When you combine this with the fact that we are wired to notice negative things in preference to positive things, it is no surprise that life and business is such a stressful thing. Fortunately, this can be reversed and, with practice, we can become more aware, less sensitive to the negative and this opens us to the opportunities that are out there but being ignored by everybody else!


Taking responsibility for the situation is the second and equally important step. If you do not, then who will? It may seem obvious but how often have you walked on by, determined that “someone” should do something.

Our survival instincts often encourage us against action for what it presents as very logical reasons linked to survival instincts:

  • we’re already busy, to do more is to risk overload and stress;
  • to do things differently increases uncertainty about the future and increases risk;
  • you might do something wrong or fail, this will attack your self-esteem and may challenge your status in the practice;
  • you might be criticised or blamed for the outcome with your very sense of self being challenged;
  • you might be seen to be unfair, one of the key social drivers for the brain.

The list can go on and on all day and they are great reasons to procrastinate or do nothing at all but as the famous quote says, “Changing yourself may be very difficult but changing somebody else is virtually impossible”, and as long as you are properly aware of the situation procrastination is probably not a good option if you want to get the results you want.

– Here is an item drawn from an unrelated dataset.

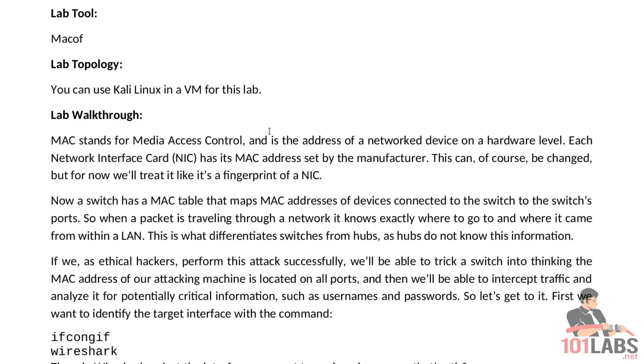Now a switch has a MAC table that maps MAC addresses of devices connected to the switch's ports. So when a packet is traveling through a network it knows exactly where to go and where it came from within a LAN. This is what differentiates switches from hubs as hubs do not know this information.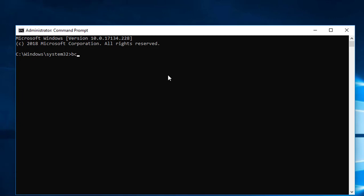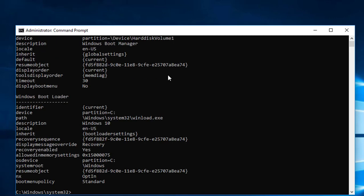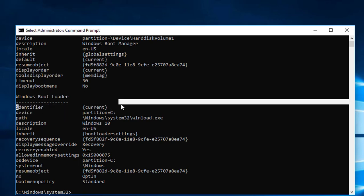Type bcdedit. Copy the identifier value shown in the output.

Making the actual commitment to “do something” is, of course critical. Without it, nothing will change; with it, something will change and how good the outcome is up to you.

It is also important to consider the quality of the commitment. Often, in business, I meet with clients who want great results, present huge enthusiasm and then take no action. Usually, the same internal barriers described above are at play and if you do not address them now then you might as well not start.

Language is really important here: is the person quiet, confident and clearly taking responsibility for the situation or are they using words like “try”, “attempt”, “hope”, etc.

Making a public commitment makes a huge difference to potential success, use it to place a line in the sand, to silence your own internal gremlins and to garner support from your practice staff and wider social support structures.

Two of the biggest gremlins to challenge are the “We don’t have the time” and “We don’t have the money”. Both are excuses for inaction that have become socially acceptable in the current economic market. By challenging them head on, better projects and outcomes are achieved.


Often, action is seen as the most difficult part of the process but the opposite should be true. If you have “SMART”ly identified the outcomes you want, made yourself aware of the REAL situation, taken responsibility for moving things forward and made a commitment to a successful outcome, then the action bit becomes the fun bit.

Of course, your internal gremlins may still be whispering in your ear and your carefully crafted plan is unlikely to remain in its pristine state beyond the first day but, by following the process, you are prepared, capable and confident enough to duck and weave your way to success.


I have shown the results as the final step in the process but of course it is also the first. The very first step in the process is to carefully and clearly define the results you wish to achieve.

Many businesses bypass this step and rush to action but how can you define whether you have reached your destination if you haven’t even decided where you want to go in the first place? Clearly defining the outcomes is essential because that clear vision will push you in the direction you need to go.

Many of the barriers to change processes are internal barriers within the participants and even the person whose idea it was. A good process often means working with someone to develop approaches and this simple model could be applied equally well to any business challenge.

Lastly, it should be mentioned that in addition to achieving the desired results, this model also nurtures the development of Response Ability and Capabilities which can then be used into the future, making other changes much easier.